The conclusion still follows from the premise even though leprechauns do not exist.
But let’s looks at your ‘extra premises’:
“3. Horses have heads.”
If a horse had no head it wouldn’t be a horse. Anyone who knew how to use the word “horse” would know they have heads. That’s why the conclusion follows from the single premise.
“2. Heads can be heads of other objects.”
Similar point. Anyone who knew how to use the word “head” would know heads can be heads of other ‘objects’, like horses.
“1. There exists a set of heads.”
You’re assuming sets exist, which is a far less plausible assumption than heads existing.
Anyway, you seem to allow horses to exist, so if they exist, so do heads.
Hence, I maintain my original claim:
There is ‘more’ in the conclusion than there was in the premise.
No, in a formal system you can not assume anything. You are saying that anyone who knew about horses would know they have heads. That is an example of implicit premises.
The Chaitin point is about information theory. He is saying that the theorms of a formal system are bounded by the information content of the axioms.
You are doing what I accuse Hegel of. Sneaking in premises based on prior usage of language.
On sets, I am refering to them since I was treating your statement all horses are animals, as being an english translation of the set theoretic statement that the set of horses is a subset of the set of animals.

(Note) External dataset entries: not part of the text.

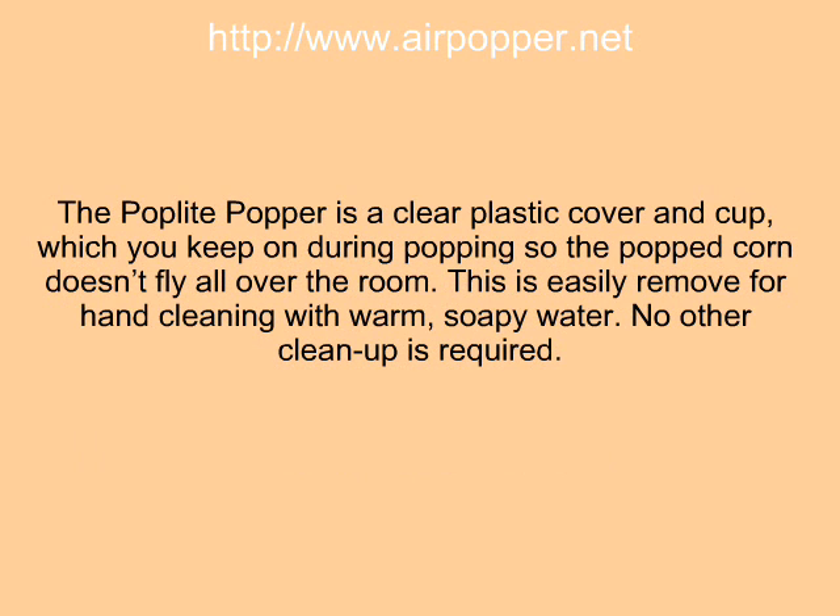The Poplet popper has a clear plastic cover and cup, which you keep on during popping so the popcorn doesn't fly all over the room. This is easily removed for hand cleaning with warm, soapy water. No other clean up is required.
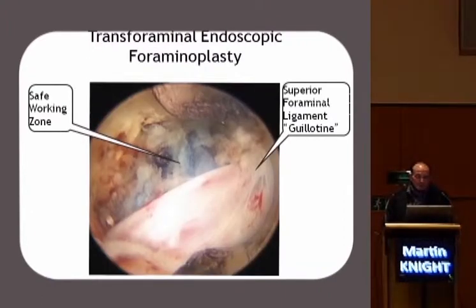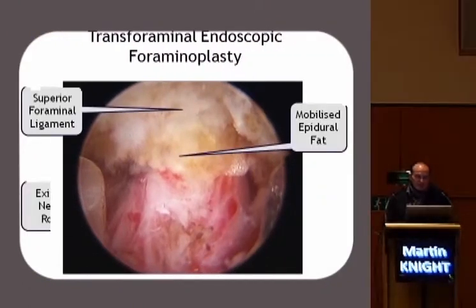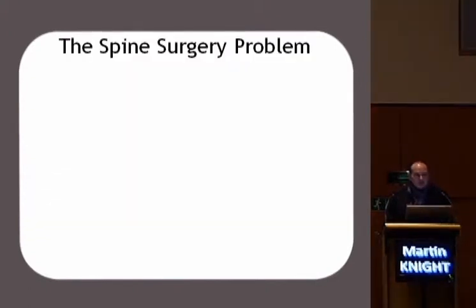So when you have done the clearance, this is the sort of vision you'll get. You'll see the blue here — it doesn't mean that I'm operating on royalty. It means that we put a blue dye in the disc to define the annulus, and it also shows which bits of the annulus are particularly thin. You'll see here that the nerve has been mobilized from the disc. There's your superior foraminal ligament and the inferior pedicle down here. I've turned the endoscope through 90 degrees. It shows how incredibly red and inflamed the nerve can be. I'm pleased that epidural fat was now coming through under the resected superior foraminal ligament. That fat will protect the nerve over the longer term.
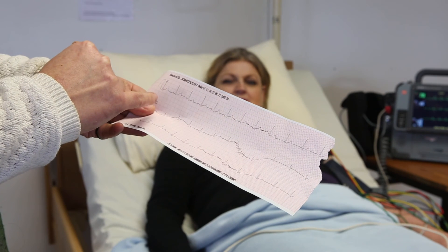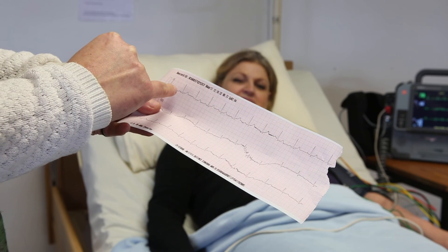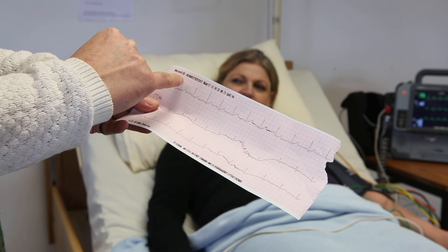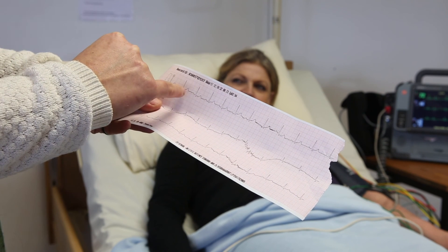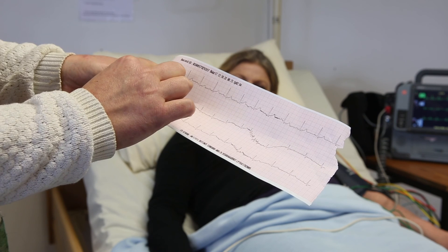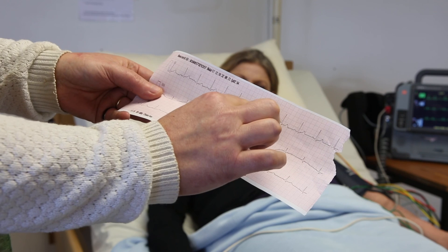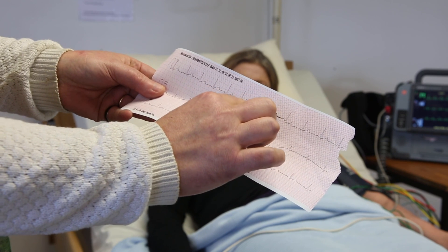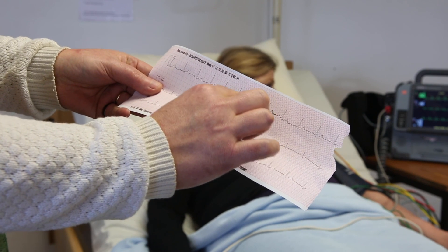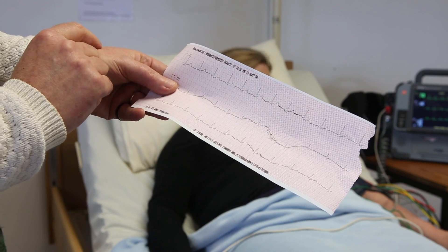This is a printout of the activity of Jean's heart. We have a P wave here, then a QRS wave, and then a T wave. The rhythm, as we can see, is quite steady and a very normal rate. There's a little bit of a difference here, but what happened was Jean actually moved in the bed, which caused a different activity in the graph. But it's nothing to worry about, as the rest of the rhythm is normal and it's a steady rhythm.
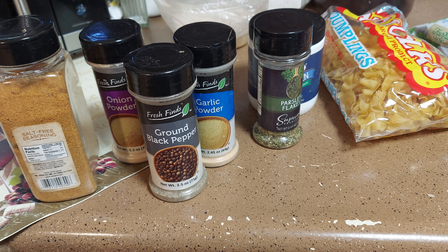We're gonna leave the broccoli frozen and put it in last. If you've got fresh broccoli, put it in when you cook the celery and onion. Okay, we've got the oil going.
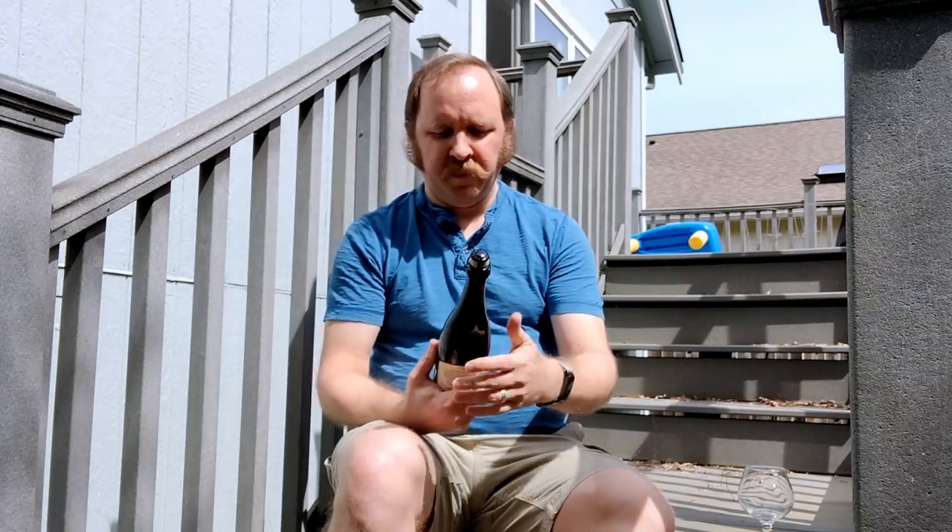Hello everyone and welcome to another episode of Chewing the Brew. It'll be a quick one today. Today I'm going to be opening and drinking the Citra Touch of Brett by Alesong.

If you are to make any inductions from your statement you require a prior axiomatised logic to which you are providing an additional axiom relating horses to animals. Unless you translate the statments into a formalism they can not be logically manipulated. The simplest formalism for what you were expressing is a set theoretic one.
For some reason my answer was posted twice! Please delete one of them, Paul. Thanks! 🙂
Surprisingly naive criticism. Marx’s materialism is a direct continuation of Hegel. A materialistic interpretation of Hegelian idealism, if you will. And there is a lot of evidence for this in the texts of Marx himself, not to mention “Capital”, which is an example of the application of materialistic dialectics. The question of whether to read Hegel is really not so simple. Someone it will help, someone-no. This requires a lot of time and effort, which may not be justified. But one important thing must be understood: there is no materialism without dialectics, and the renunciation of dialectics is the renunciation of materialism. At the very least, a consistent materialism.

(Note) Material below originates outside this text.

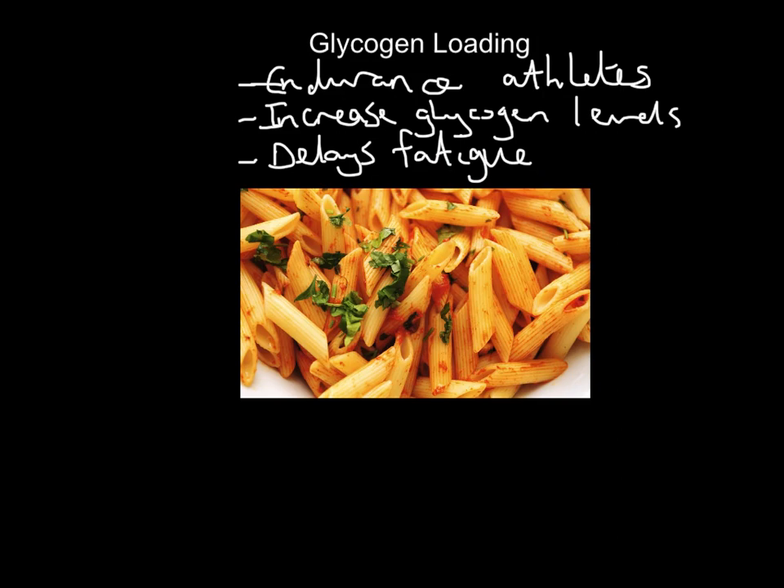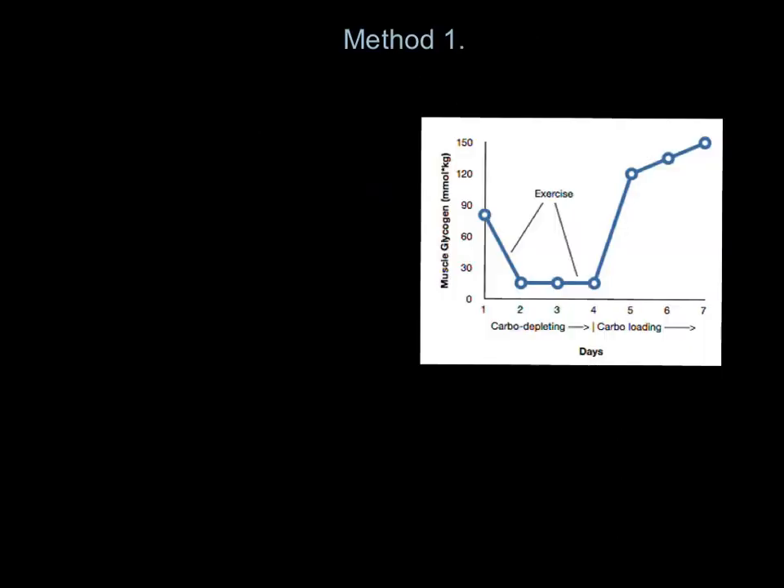There are two methods we can use to do glycogen loading. Both have pros and cons, so we're going to look at each one in turn. Method one is related to this graph. These are days one to seven on the bottom. Day seven — let's say it's a marathon — that is race day, the day of the London Marathon. So that's Sunday, and we come all the way back across Monday, Tuesday, Wednesday, and so on.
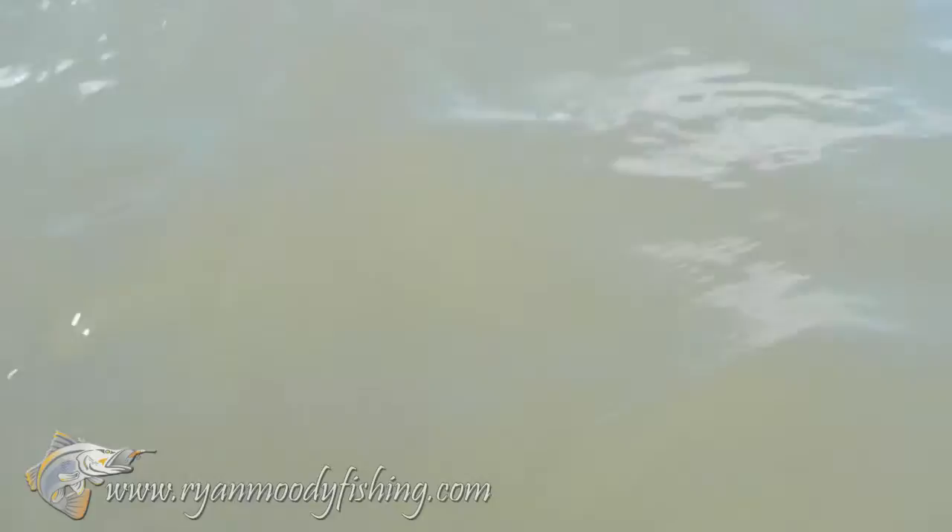Make her buoyant, that's it. There she goes. Hold him upright, that's it. Lovely.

I agree about the time and effort. I would suggest that the time and effort would be better spent getting a good understanding of mechanics. The idea that there is no materialism without dialectics seems falacious. Better to study Lucretius. No materialism without atomism. Rather than dialectics get some grip of mechanics, particularly statistical mechanics and QM. If you want to read a modern materialist try Huw Price.
But QM specifically rejects any mechanics as an explanation of QM. so far only field theory is used, electro-magnetic and gravitational field.
That is not what Jean Bricmont and the Bohmians say
Doesn’t Engels extensively talk about dialectics though in many of his works? Doesn’t Marx praise Dietzgen’s dialectical materialism in the Second Edition of Volume 1 of Capital?
I am writing a critique of the “idealist materialism” initiated by Engels and continued by other authors. I agree with you about the bad Hegelian heritage in Marxism, but about Althusser, in his works, despite the supposed scientific effort, didn’t he end up falling into pseudoscience when trying to transform dialectical materialism into an infallible method?
I do not think Althusser ever tried to transform DIAMAT into an infallible method, no.
What about Hegel on entanglement and quantum physics? So far there’s been no explanation how the spin of an entangled electron can identified at a distance far beyond the possibility of any transmission of information at the speed of light? The identification of opposites at distance might be an answer. Nobody reads Hegel on evolution, yet it was Hegel who introduced the concept of progressive change in social structures, although, of course, not a progression to any fundamental, unchanging truth.